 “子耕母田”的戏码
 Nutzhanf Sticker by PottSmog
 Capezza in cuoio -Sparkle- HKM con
---
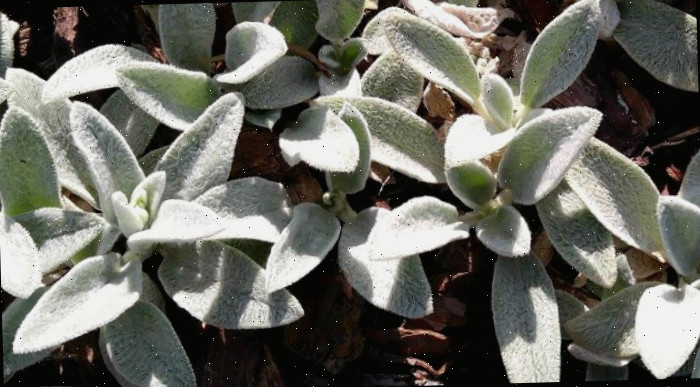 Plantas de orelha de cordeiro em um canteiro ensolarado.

▸ WORK INSTRUCTIONS: Exactly the lines above from the one with "Nutzhanf Sticker by PottSmog" to the one with "Capezza in cuoio -Sparkle- HKM con", both included, are to be quoted; leave the rest out.

▸ WRITTEN RESPONSE:
 Nutzhanf Sticker by PottSmog
 Capezza in cuoio -Sparkle- HKM con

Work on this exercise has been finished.